Michael Darchambeau, Jonathan Weber, Mélanie Applincourt, fondateurs d'Urbantz " Nous sommes en phase de scale-up et avons l'ambition de devenir un acteur qui compte, d'abord au niveau européen, puis global. " © FRÉDÉRIC SIERAKOWSKI / ISOPIX

Devenir le logiciel incontournable pour gérer les derniers kilomètres d’une livraison à domicile. Voilà le pari de la start-up bruxelloise Urbantz qui prend déjà en charge ce créneau logistique pour le groupe Carrefour en France. Jusqu’ici très discrète, la jeune pousse vient de lever 6 millions d’euros. Ce qui la place dans le club, select, des start-up en vue.

Ils sont une quarantaine à s’activer au 11e étage de ce bâtiment de l’avenue Louise.
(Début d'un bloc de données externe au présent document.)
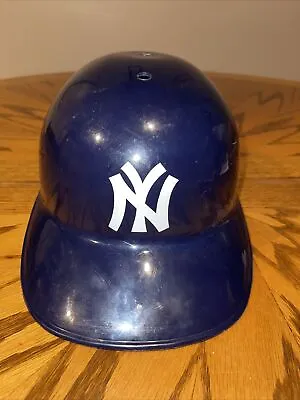 MLB New York Yankees Souvenir Batting Helmet-Adjustable Strap Sport Inds. Corp • $8.99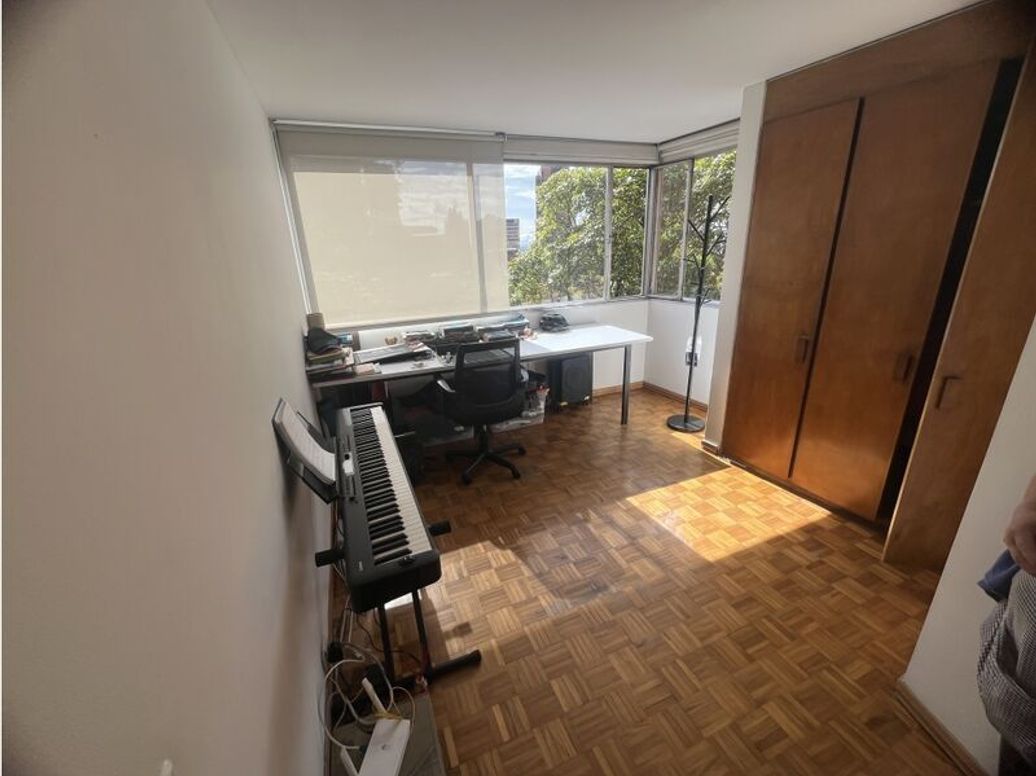 Apartamento de 3 alcobas en venta en La Macarena, Bogotá, 131 m² · foto 16 de 16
Un plateau à la vue imprenable sur Bruxelles, parfaitement design, pour regrouper ses jeunes équipes. Urbantz, qui développe une solution logicielle pour optimiser la gestion du ” dernier kilomètre ” dans la livraison, est jusqu’ici restée plutôt discrète dans notre écosystème national. Mais sa récente levée de fonds va désormais la propulser dans la catégorie des start-up belges en vue. Elle vient en effet de réaliser sa série A pour un montant de 6 millions d’euros qui proviennent majoritairement de deux fonds. Le premier n’est autre que Korys, le fonds de la famille Colruyt que l’on retrouve notamment derrière Biocartis, Bio-Life, Newpharma, Ontoforce, etc. L’autre n’est pas belge. Il s’agit du venture capitalist londonien Environnemental Technologies Fund (ETF) Partners.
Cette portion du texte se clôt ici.